TASK REQUIREMENTS » An exact copy of every entry is needed, without any of the pictures.

ENTRIES SUPPLIED »
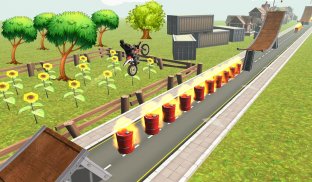 Real Extreme Bike Stunts screenshot 4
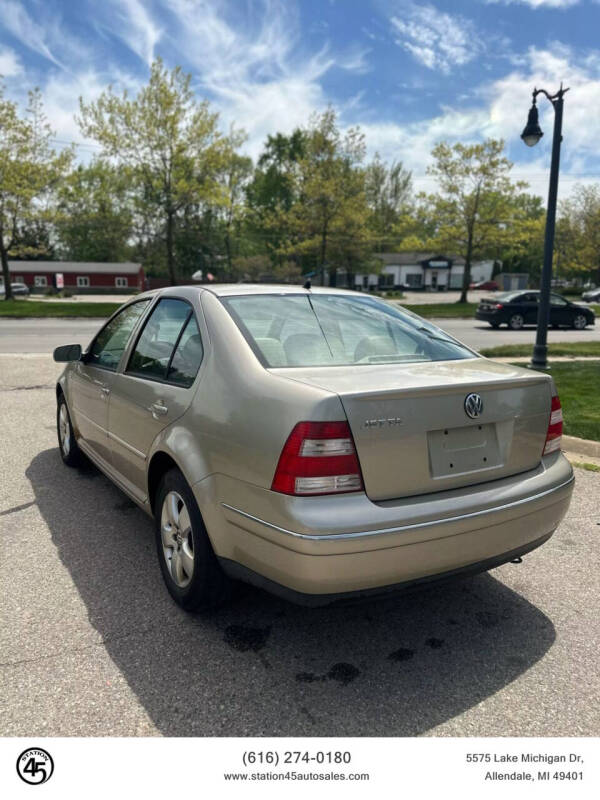 2004 Volkswagen Jetta GLS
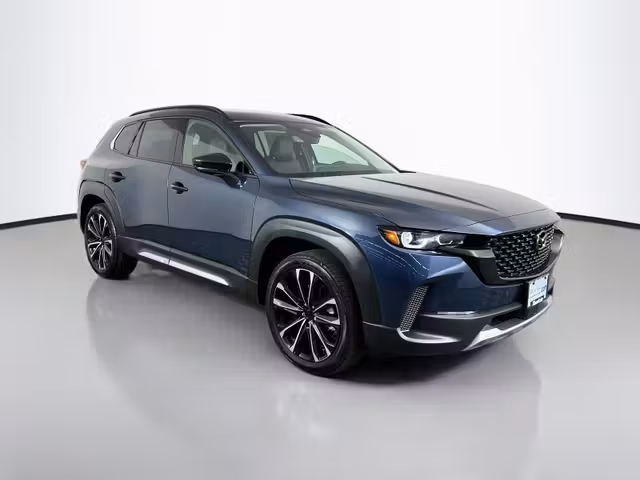 2026 MAZDA Cx-50 2.5 Turbo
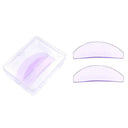 Precise Lash Lift Pads for Salon Pros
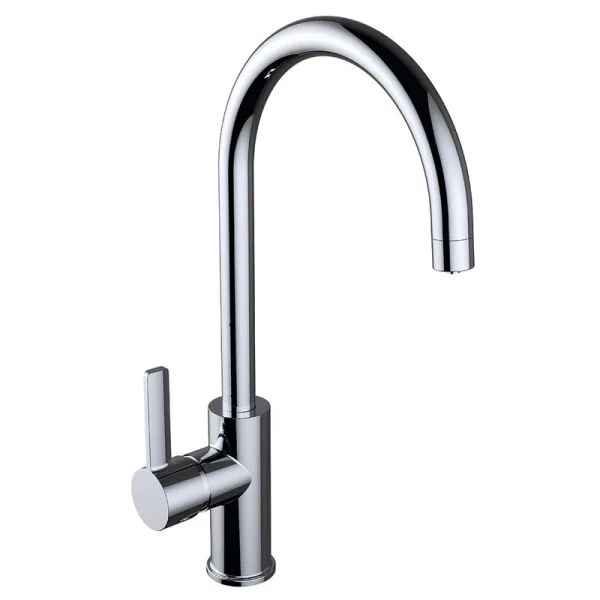 Смеситель для кухни Clever Osmosis 61101, хром Sancos — Оригинал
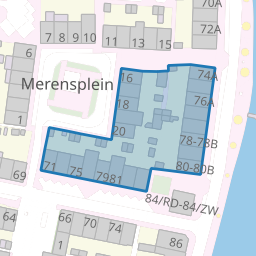 Perceel HLM01-K-3318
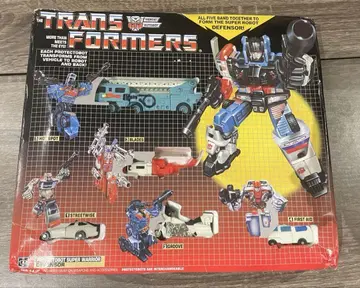 트랜스포머 오토봇 합체 전사 디펜더 해외판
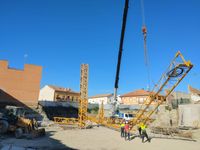 FASE II. CIMENTACI&Oacute;N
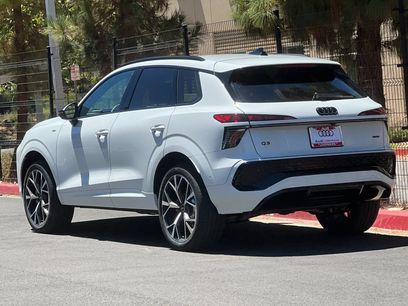 New 2026 Audi Q3 quattro 2.0T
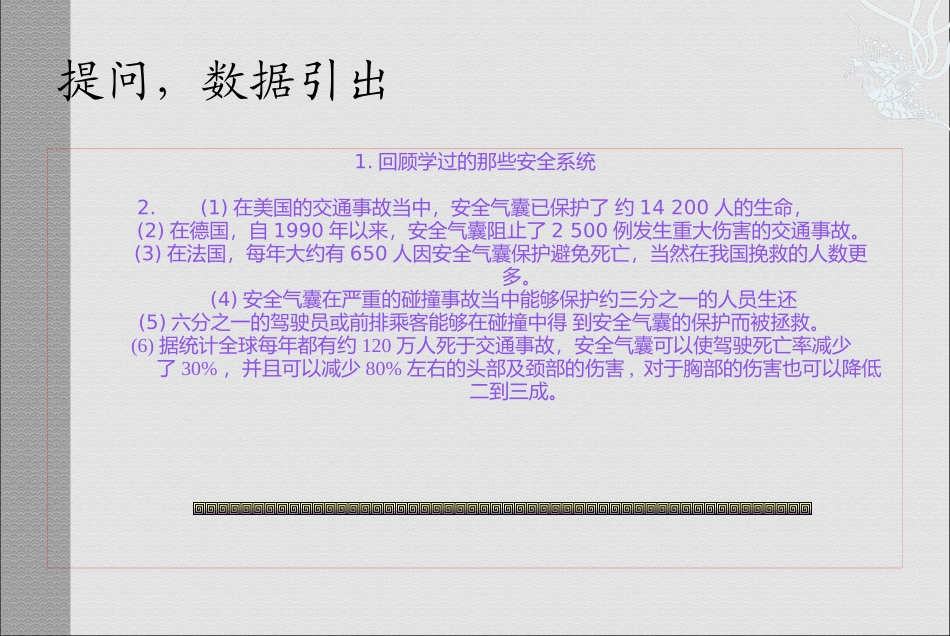 安全气囊培训课件_第2页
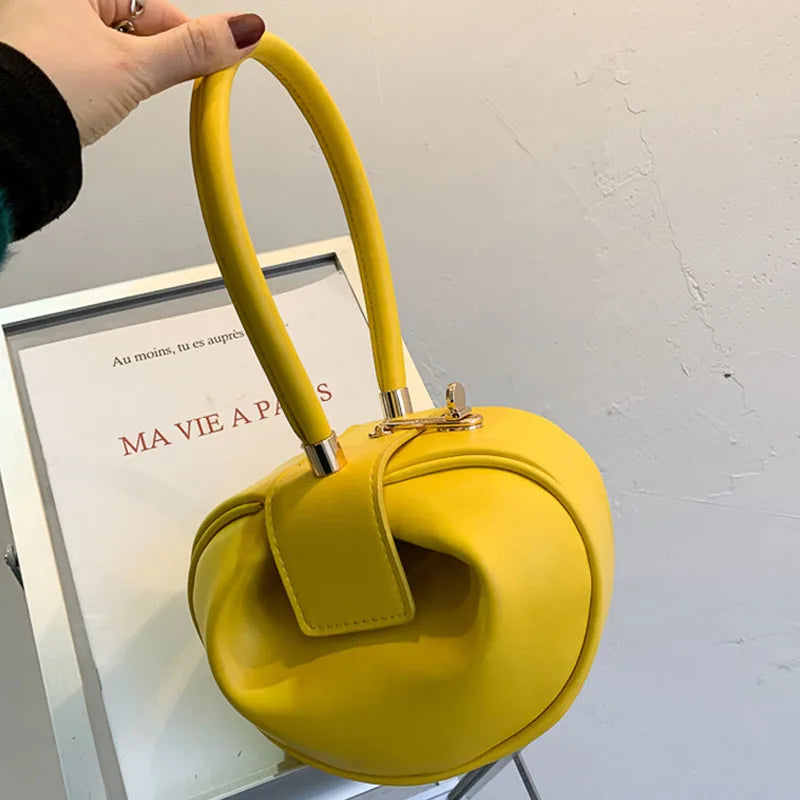 Round Ball Handbag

SOLUTION »
 Real Extreme Bike Stunts screenshot 4
 2004 Volkswagen Jetta GLS
 2026 MAZDA Cx-50 2.5 Turbo
 Precise Lash Lift Pads for Salon Pros
 Смеситель для кухни Clever Osmosis 61101, хром Sancos — Оригинал
 Perceel HLM01-K-3318
 트랜스포머 오토봇 합체 전사 디펜더 해외판
 FASE II. CIMENTACI&Oacute;N
 New 2026 Audi Q3 quattro 2.0T
 安全气囊培训课件_第2页
 Round Ball Handbag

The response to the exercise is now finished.